Table 4. - Linear Regression of Predictors of F/M Ratio
B (95% Mean Difference) Adjusted P Beta Coefficient Correlation
Department status –0.29 (–0.71, 0.13) 0.175 –0.201 –0.19
Program location 0.02 (–0.14, 0.18) 0.782 0.039 0.04
Male program director 0.02 (–0.53, 0.57) 0.952 0.009 0.01
Male chairman 0.08 (–0.47, 0.63) 0.766 0.043 0.043
Male division chief 0.12 (–0.23, 0.72) 0.734 0.082 0.032
No. female faculty 0.05 (0.03, 0.32) 0.031 0.341 0.310
No. residents per year 0.11 (–0.10, 0.32) 0.288 0.154 0.152


In this study, we evaluated whether there was an inherent gender bias within program directors in the selection of residents into plastic surgery as a potential reason for the unchanging percentage of women entering plastic surgery, which has been stagnant at 27%–34% since 2014.

Because previous studies have shown that women are less likely to hold leadership positions,5–8 we evaluated if having less female program directors could influence the selection process, as only 8 out of 62 program directors were women. The ratio of current female-to-male applicants was 1:1.2 within the past 3 years, and this corresponded to the ratio of selected resident genders by female and male program directors alike. No other factors were found to affect gender selection.

Although the present paper failed to show any gender bias in the selection process of residency, the reasons for the implicit bias could be numerous, but surveys from past studies have shown that even with the same curriculum vitae, women were still perceived as less competent.9 This is otherwise known as role congruity and is defined as our ideas of gender roles as learned through societal norms.10 A recent survey by Silva showed that women felt less likely to be able to negotiate, and men, and felt less respected by their coworkers and the people they managed.11 This confidence gap has been seen to hinder women’s ability to achieve a higher level of success.10,12 With fewer women as program directors, it is concerning that women hold a negative bias toward themselves, and it is this negative self-perception that could be driving the selection process from both program directors and applicants.

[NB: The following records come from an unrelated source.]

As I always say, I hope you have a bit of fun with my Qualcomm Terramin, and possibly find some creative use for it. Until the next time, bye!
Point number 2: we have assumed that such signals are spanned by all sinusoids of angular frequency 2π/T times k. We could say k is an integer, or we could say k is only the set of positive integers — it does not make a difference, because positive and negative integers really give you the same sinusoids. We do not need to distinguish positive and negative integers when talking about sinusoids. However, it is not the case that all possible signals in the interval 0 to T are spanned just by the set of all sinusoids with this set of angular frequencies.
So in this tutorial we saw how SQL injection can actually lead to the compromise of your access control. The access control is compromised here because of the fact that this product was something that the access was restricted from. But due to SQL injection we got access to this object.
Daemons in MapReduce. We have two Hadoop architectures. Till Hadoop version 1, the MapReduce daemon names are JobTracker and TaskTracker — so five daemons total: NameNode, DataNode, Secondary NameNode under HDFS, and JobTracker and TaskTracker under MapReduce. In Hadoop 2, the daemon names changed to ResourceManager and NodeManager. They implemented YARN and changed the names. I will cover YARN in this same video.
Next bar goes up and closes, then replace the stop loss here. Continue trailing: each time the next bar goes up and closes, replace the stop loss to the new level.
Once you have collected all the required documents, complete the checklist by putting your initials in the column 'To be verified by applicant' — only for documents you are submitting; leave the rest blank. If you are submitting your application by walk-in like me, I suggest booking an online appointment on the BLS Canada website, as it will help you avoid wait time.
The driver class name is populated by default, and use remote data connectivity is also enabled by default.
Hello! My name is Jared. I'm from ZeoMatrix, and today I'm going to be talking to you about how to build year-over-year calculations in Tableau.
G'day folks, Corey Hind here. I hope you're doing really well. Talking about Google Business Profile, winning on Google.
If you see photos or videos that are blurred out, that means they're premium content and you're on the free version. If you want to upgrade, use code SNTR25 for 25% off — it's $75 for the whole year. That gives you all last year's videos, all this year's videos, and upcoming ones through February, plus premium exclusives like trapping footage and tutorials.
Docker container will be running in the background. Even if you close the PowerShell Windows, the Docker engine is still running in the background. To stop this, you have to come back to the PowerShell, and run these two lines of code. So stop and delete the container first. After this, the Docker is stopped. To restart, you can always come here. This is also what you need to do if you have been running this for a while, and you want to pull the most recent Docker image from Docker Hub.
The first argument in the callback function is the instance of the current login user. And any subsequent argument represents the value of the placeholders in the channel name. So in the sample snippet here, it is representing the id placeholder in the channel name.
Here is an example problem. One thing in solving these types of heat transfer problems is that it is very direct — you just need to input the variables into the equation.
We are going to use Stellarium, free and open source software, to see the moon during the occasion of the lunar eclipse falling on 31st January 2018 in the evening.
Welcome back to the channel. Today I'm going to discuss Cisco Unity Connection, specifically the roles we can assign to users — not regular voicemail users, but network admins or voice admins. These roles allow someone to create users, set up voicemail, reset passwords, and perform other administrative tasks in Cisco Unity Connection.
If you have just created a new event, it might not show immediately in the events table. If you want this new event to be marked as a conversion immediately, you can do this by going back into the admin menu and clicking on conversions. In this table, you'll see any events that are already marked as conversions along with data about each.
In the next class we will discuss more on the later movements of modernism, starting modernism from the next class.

Patients of female surgeons tend to have an overall more positive experience. Studies have shown that patients of female physicians have lower mortality rates.13 Female patients also prefer female plastic surgeons which is likely related to their comfort levels during intimate examinations.14 Additionally, patients of female plastic surgeons show a higher satisfaction rating 4.93 for women plastic surgeon versus 4.65 for their male counterpart.15

It needs to be noted that a limitation of the present study is that the selection process is a match. The applicants also choose the residency and as such the selection process is not solely dependent on the program director but it also involves the faculty or the family of the applicant, etc. Although the program director has a more powerful vote in the process, faculty also is intimately involved and the present study does not take into account a male-dominated program with a female program director. It is possible that female applicants may preferably rank higher programs with a more female-dominated faculty than a male-dominated faculty. As a matter of fact, the present study did show that a more female-dominated program was more likely to have recruited female residents. The faculty also has differences in how they chose residents. Some programs have roundtables about resident selection, and others have the program directors who make all the decisions. All the above need to be taken into account when interpreting the present study.

Understanding these gender trends will help close the gender gap. The best way to achieve this goal is at the beginning, the start of one’s career, which we believe is at the resident selection process. We must aim to correct this gender bias from both medical students and leaders in the field, possibly by boosting the public image of female surgeons in the eyes of the media and the public to encourage more female applicants to the residency program. With time, and progression within the field, such bias will likely lead to wider gender gaps.